*INSTRUCTIONS FOR THE TASK*
The answer must be an exact transcription of the lines below from the first through the one containing "Today I am doing", with the pictures left out; please add nothing else.

*PROVIDED INFORMATION*
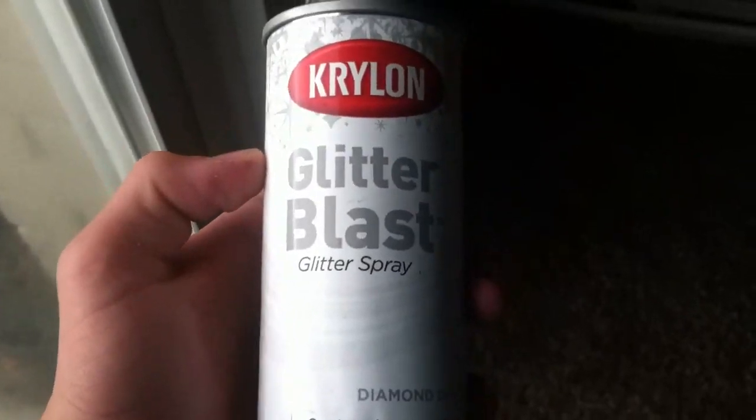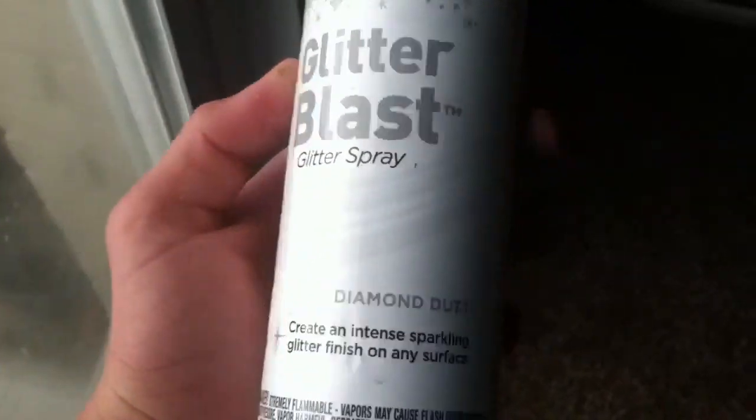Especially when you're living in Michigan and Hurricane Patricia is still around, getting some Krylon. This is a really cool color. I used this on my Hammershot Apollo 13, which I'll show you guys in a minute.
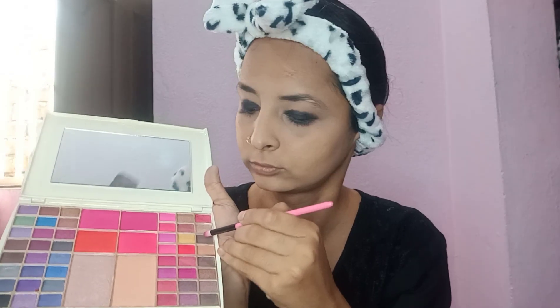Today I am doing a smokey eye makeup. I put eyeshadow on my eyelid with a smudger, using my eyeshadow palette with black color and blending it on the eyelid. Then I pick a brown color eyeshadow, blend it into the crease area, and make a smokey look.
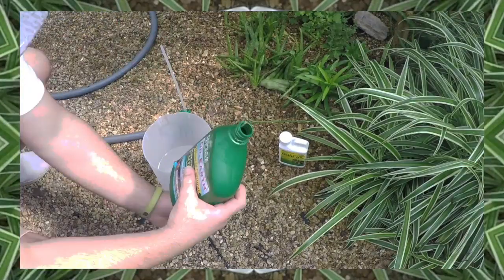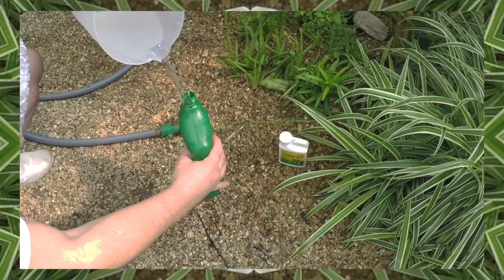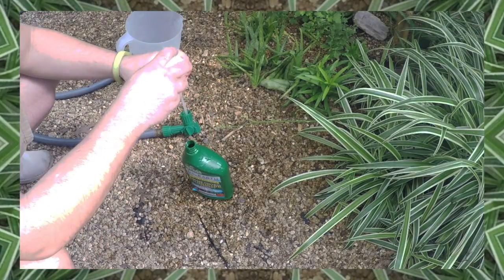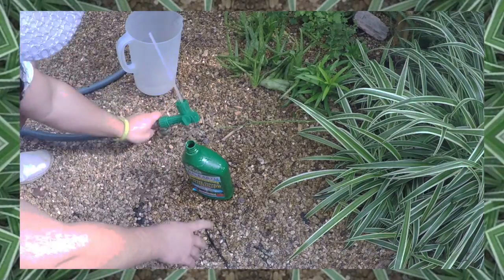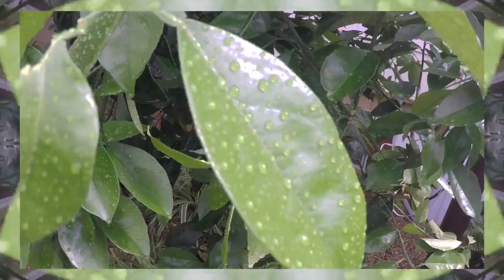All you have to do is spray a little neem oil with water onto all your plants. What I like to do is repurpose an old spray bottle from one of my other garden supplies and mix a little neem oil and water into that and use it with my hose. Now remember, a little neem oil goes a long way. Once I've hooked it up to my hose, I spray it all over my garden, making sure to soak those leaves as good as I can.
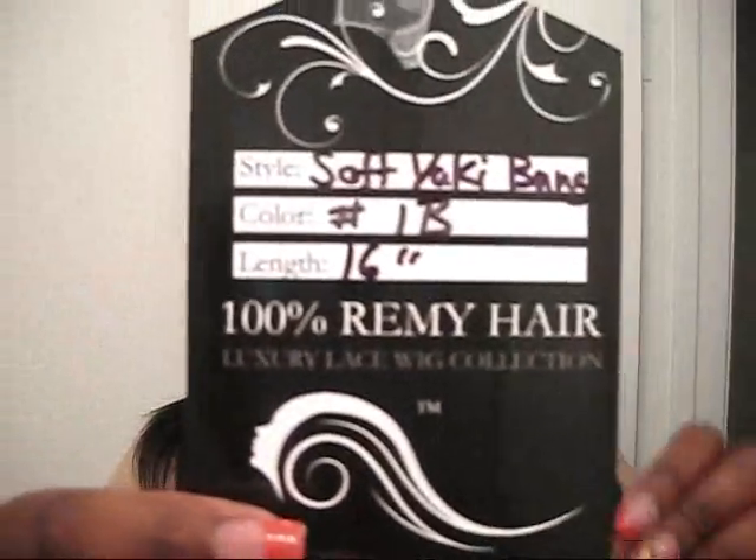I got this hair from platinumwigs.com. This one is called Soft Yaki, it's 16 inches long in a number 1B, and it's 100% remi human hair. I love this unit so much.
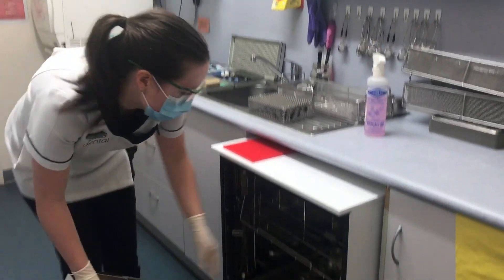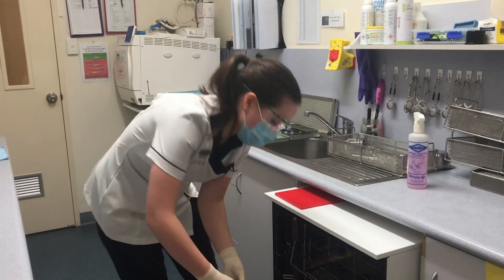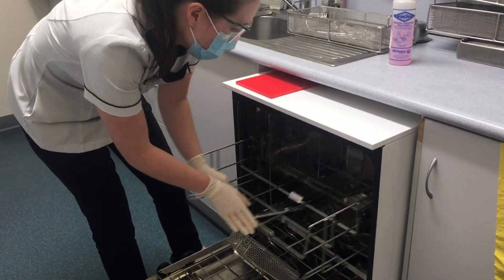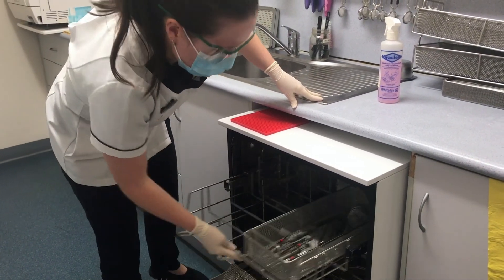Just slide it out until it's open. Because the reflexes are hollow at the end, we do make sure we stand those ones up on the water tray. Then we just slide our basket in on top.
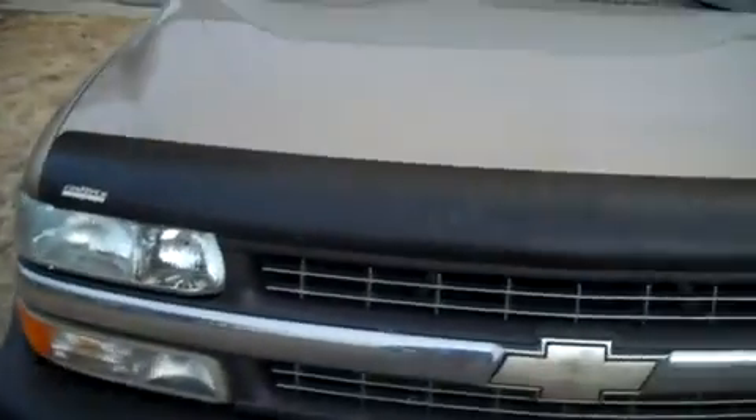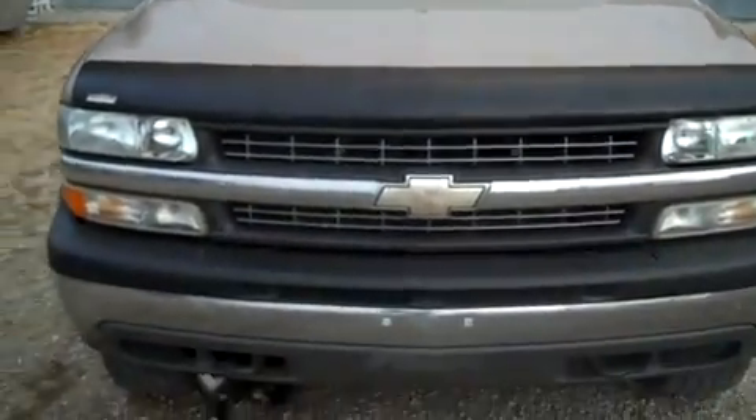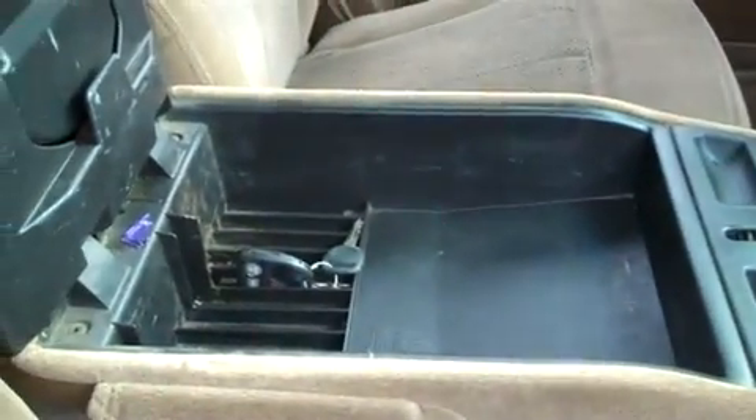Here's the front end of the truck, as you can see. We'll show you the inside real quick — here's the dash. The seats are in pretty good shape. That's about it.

*YOUR RESPONSE*
Especially when you're living in Michigan and Hurricane Patricia is still around, getting some Krylon. This is a really cool color. I used this on my Hammershot Apollo 13, which I'll show you guys in a minute.
Today I am doing a smokey eye makeup. I put eyeshadow on my eyelid with a smudger, using my eyeshadow palette with black color and blending it on the eyelid. Then I pick a brown color eyeshadow, blend it into the crease area, and make a smokey look.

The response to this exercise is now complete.